Deep learning synthesis of cone-beam computed tomography from zero echo time magnetic resonance imaging

• Published in: Scientific reports Vol. 13; no. 1; p. 6031
• Main Authors: Choi, Hyeyeon, Yun, Jong Pil, Lee, Ari, Han, Sang-Sun, Kim, Sang Woo, Lee, Chena
• Format: Journal Article
• Language: English
• Published: London Nature Publishing Group UK 13.04.2023; Nature Publishing Group; Nature Portfolio
• Subjects: 692/698/3008; 692/700/3032/3093; Computed tomography; Cone-Beam Computed Tomography - methods; Deep Learning; Humanities and Social Sciences; Humans; Image Processing, Computer-Assisted - methods; Magnetic Resonance Imaging; multidisciplinary; Phantoms, Imaging; Radiation; Science; Science (multidisciplinary); Tomography
• ISSN: 2045-2322; 2045-2322
• DOI: 10.1038/s41598-023-33288-8

Cone-beam computed tomography (CBCT) produces high-resolution of hard tissue even in small voxel size, but the process is associated with radiation exposure and poor soft tissue imaging.

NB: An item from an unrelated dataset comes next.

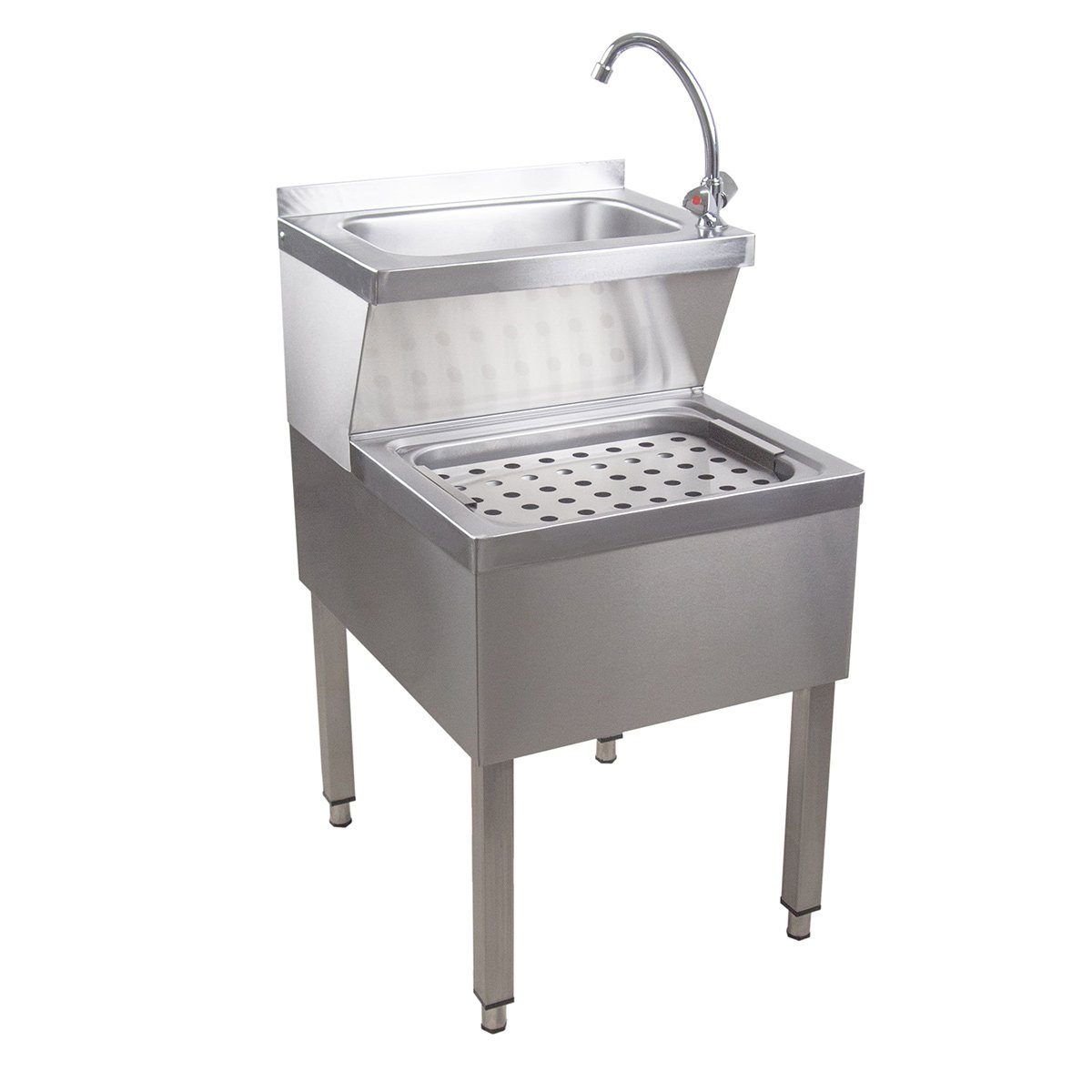 Saro Edelstahlspüle Handwaschbecken Edelstahl, Handwaschbecken Gastro - Kombi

Thus, we synthesized a CBCT image from the magnetic resonance imaging (MRI), using deep learning and to assess its clinical accuracy. We collected patients who underwent both CBCT and MRI simultaneously in our institution (Seoul). MRI data were registered with CBCT data, and both data were prepared into 512 slices of axial, sagittal, and coronal sections. A deep learning-based synthesis model was trained and the output data were evaluated by comparing the original and synthetic CBCT (syCBCT). According to expert evaluation, syCBCT images showed better performance in terms of artifacts and noise criteria but had poor resolution compared to the original CBCT images. In syCBCT, hard tissue showed better clarity with significantly different MAE and SSIM. This study result would be a basis for replacing CBCT with non-radiation imaging that would be helpful for patients planning to undergo both MRI and CBCT.